Upjohn Institute Working Paper No. 09-159
Several recent changes in the Food Stamp Program have been directed toward households without children. Some, including new work requirements for able-bodied adults without dependents (ABAWDs), were intended to promote self-sufficiency, while others, including easier application and recertification procedures, were intended to increase participation among underserved groups, such as the disabled and the elderly. Despite their relevance to policymakers, adult-only households have been examined by only a few studies.

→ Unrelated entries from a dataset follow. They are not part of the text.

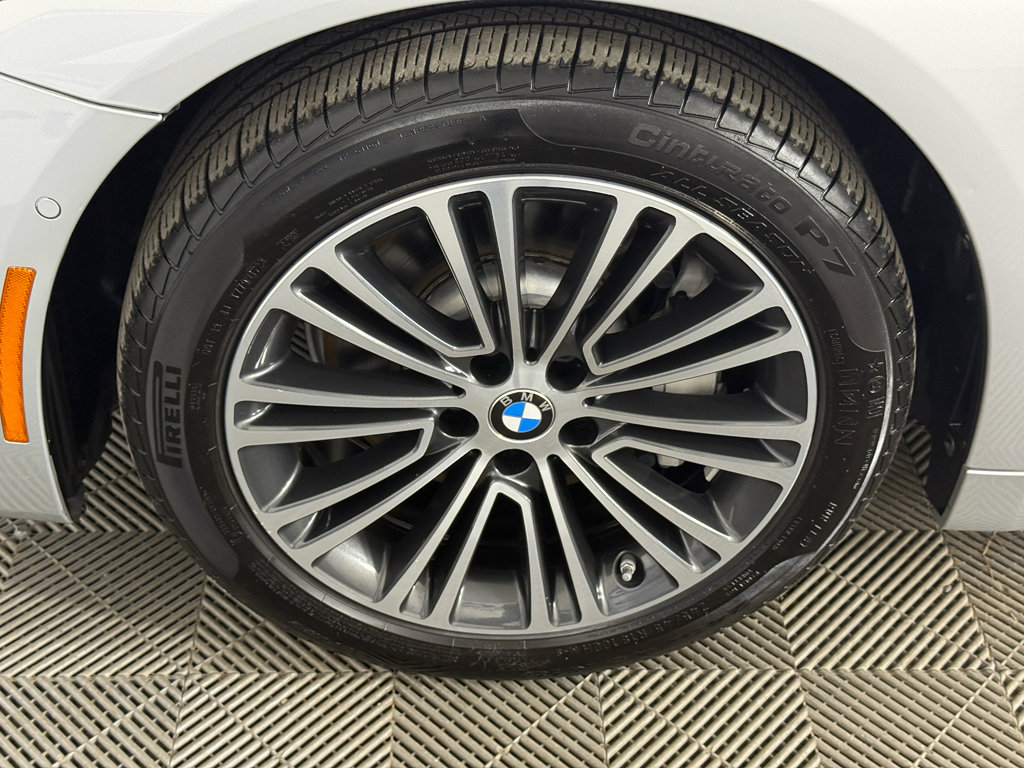 Used 2020 BMW 530i w/ Convenience Package image 9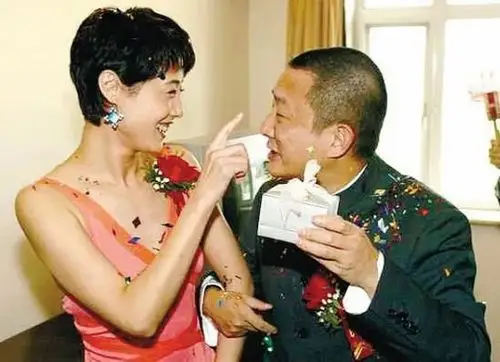 她25岁结婚当继母35岁嫁五婚男现与第一任丈夫复合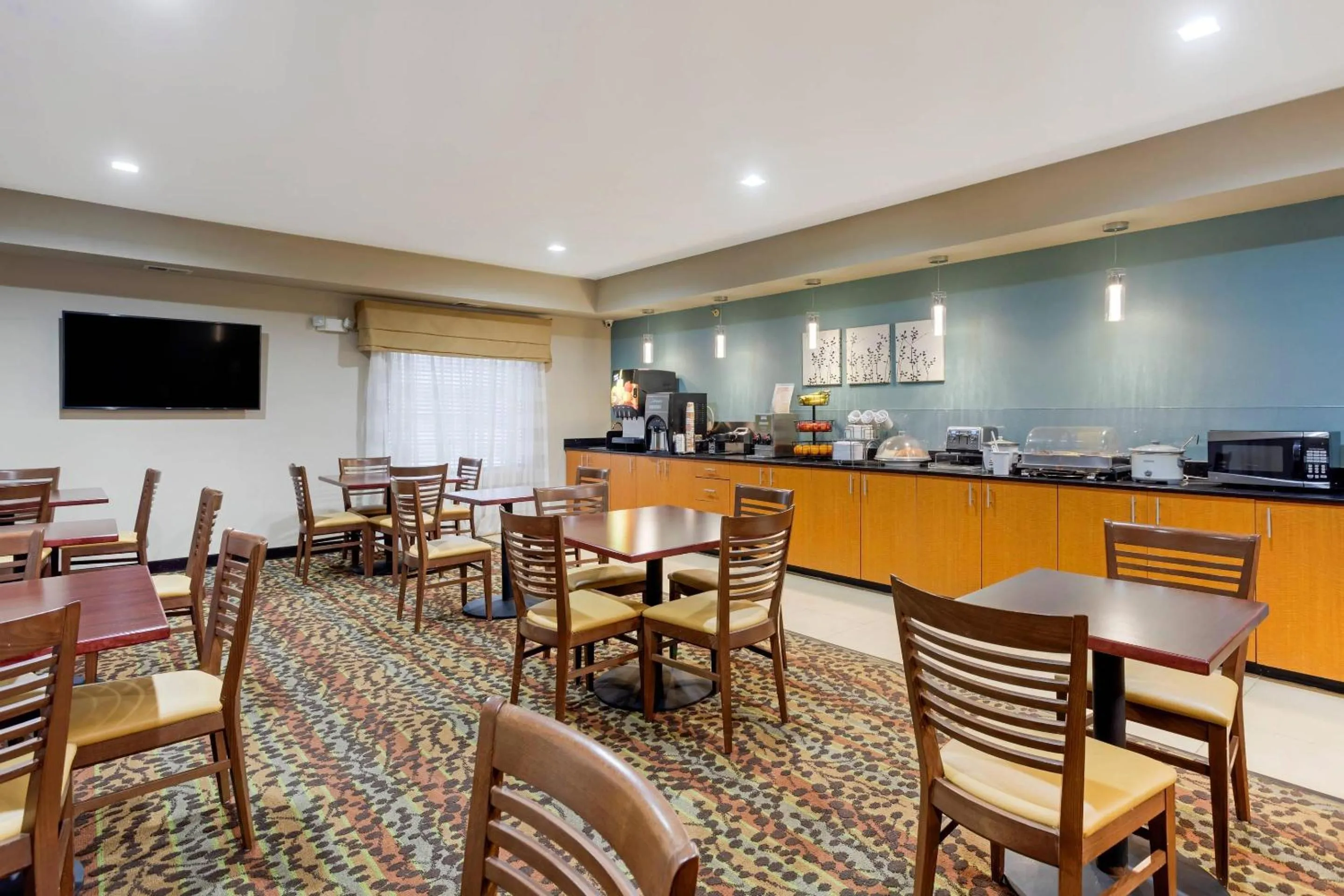 Breakfast in Sleep Inn & Suites Smyrna - Nashville Area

We use administrative records from South Carolina and event-history methods to investigate how spells of food stamp participation for adult-only households vary with ABAWD provisions, recertification intervals, economic conditions and other characteristics. We find that households that were subject to ABAWD policies had shorter spells and lower rates of food stamp participation than other households. We also find that households were much more likely to leave the Food Stamp Program at recertification dates than at other dates. Compared to married households, exit rates were lower for households in high unemployment areas, for female- and black-headed households, for individuals with less education, and for never-married households. We further find that the time limit was associated with exits with and without earnings, suggesting that this policy increased self-sufficiency for some households but left others without support.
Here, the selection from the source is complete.